Fino all’anno scorso si pensava che l’uomo moderno fosse comparso in Africa 200 mila anni fa e che poi fosse uscito dal continente circa 100 mila anni dopo. Adesso cambia tutto: se Homo sapiens si trovava fuori dall’Africa 85 mila anni prima, le possibilità sono tre:

  1. l’uomo moderno non è nato in Africa;
  2. l’uomo moderno è molto più antico di ciò che si credeva;
  3. l’uomo moderno non è nato in Africa ed è molto più antico di ciò che si credeva.

Gli scienziati non vogliono assolutamente abbandonare l’idea che l’uomo moderno sia comparso nel continente nero e quindi sono costretti ad affermare con forza il secondo punto: l’uomo moderno è molto più antico di ciò che si credeva.

Ma questa posizione porta a delle conseguenze rivoluzionarie.

Le Scienze ha scritto:

Gli esseri umani moderni si avventurarono fuori dall’Africa molto prima di quanto finora pensato. […] Va retrodatato di almeno 50.000 anni, tra 177.000-194.000 anni fa, il primo esodo di esseri umani moderni al di fuori dall’Africa.

Il National Geographic gli fa eco:

Gli antenati dell’uomo moderno si avventurarono fuori dall’Africa più di 50 mila anni prima di quanto ritenuto finora.

Jean-Jacques Hublin dell’Istituto Max Planck di Antropologia evolutiva di Lipsia, conferma che sta emergendo un modello

secondo il quale la storia della nostra specie è molto più antica di quanto pensassimo.

Il Corriere della Sera riporta le parole di Israel Hershkovitz:

Se la nostra specie era in Medio Oriente 200 mila anni fa vuol dire che non ci siamo evoluti 300 mila anni fa, ma molto prima.

Anche Darren Curnoe, paleontologo dell’Università del Nuovo Galles del Sud, a Sydney, è d’accordo:

le nostre ipotesi sulle origini della nostra specie stanno iniziando a cambiare molto rapidamente, dopo decenni caratterizzati dalla quasi immobilità della ricerca scientifica.

Ciò che gli esperti non sembrano prendere in considerazione, è un dato eclatante: più viene retrodatata l’origine dell’Homo sapiens, meno tempo rimane all’evoluzionismo darwiniano.

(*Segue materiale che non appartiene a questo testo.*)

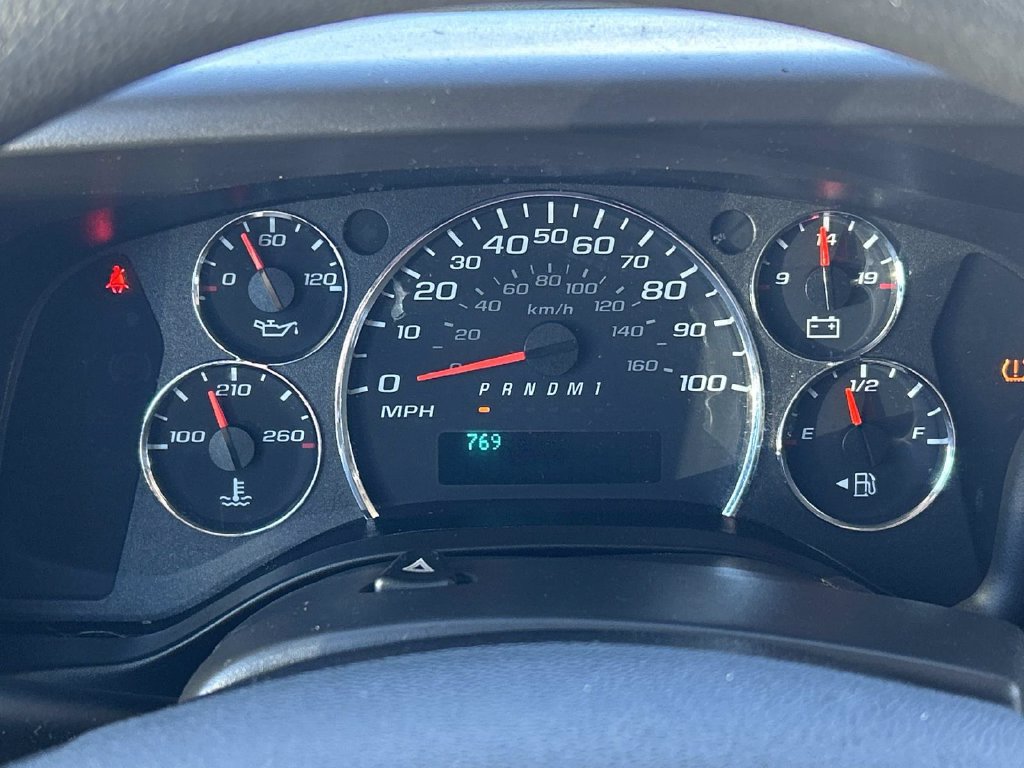 Used 2021 Chevrolet Express 2500 w/ Driver Convenience Package RWD image 29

La teoria dei neodarwinisti, che piccolissime e lentissime mutazioni graduali hanno dato vita all’uomo moderno in un tempo lunghissimo, scricchiola sempre più. Più l’uomo moderno è antico (scusate il gioco di parole), meno tempo rimane al gradualismo filetico per fare il suo mestiere.

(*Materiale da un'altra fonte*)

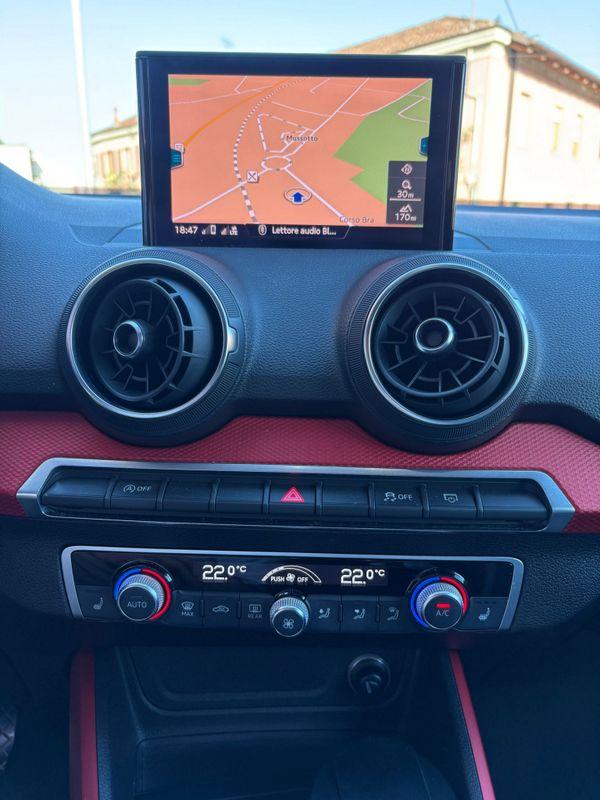 Audi Q2 1.6 tdi Business Design s-tronic FULL LED-NAVI-17"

Non solo: se i Sapiens sono così tanto antichi, significa che i vari ominidi non erano i nostri progenitori, dai quali ci saremmo evoluti ma i nostri cugini con i quali avremmo convissuto.

Insomma: nel nuovo modello che sta prendendo forma, da una parte viene a mancare il tempo per l’evoluzione, dall’altra vengono a mancare tutte quelle apparenti intergradazioni che si erano trovate tra gli uomini e gli animali antropomorfi.

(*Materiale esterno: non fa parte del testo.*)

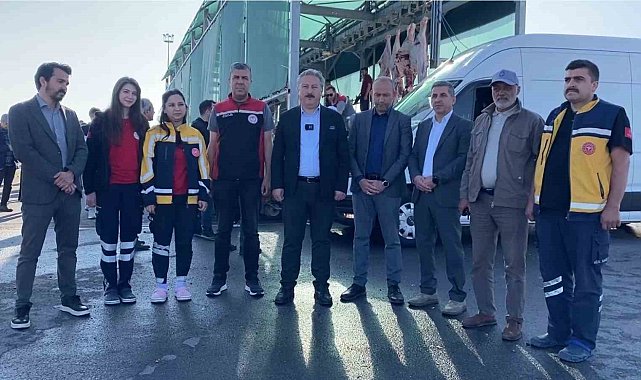 Başkan Palancıoğlu bayramın ilk saatlerinde Melikgazi Kurban Pazarı ve Kesim Alanı'nı ziyaret etti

E non è finita qui, c’è un ultimo aspetto importante da considerare: se Sapiens e altri tipi umani hanno convissuto per centinaia di migliaia di anni, che tipo di rapporti avranno avuto? Non avranno mica…?

Rolf Quam, che ha partecipato allo studio, ha detto:

durante un lungo periodo di tempo gli esseri umani moderni stavano potenzialmente interagendo con altri gruppi umani arcaici, che offrivano l’opportunità di scambi culturali e biologici.

Scambi biologici, esatto! L’uomo è molto più antico di quanto pensavano e ha passato centinaia di migliaia di anni a ibridarsi con altri tipi umani, proprio ciò che avevo ipotizzato molto prima della pubblicazione di questo nuovissimo studio, esattamente ad agosto 2017, quando è uscito il mio libro L’origine dell’uomo ibrido!

Il Corriere termina l’articolo commentando:

L’impressione è che la storia della nostra specie sia ancora tutta da scrivere.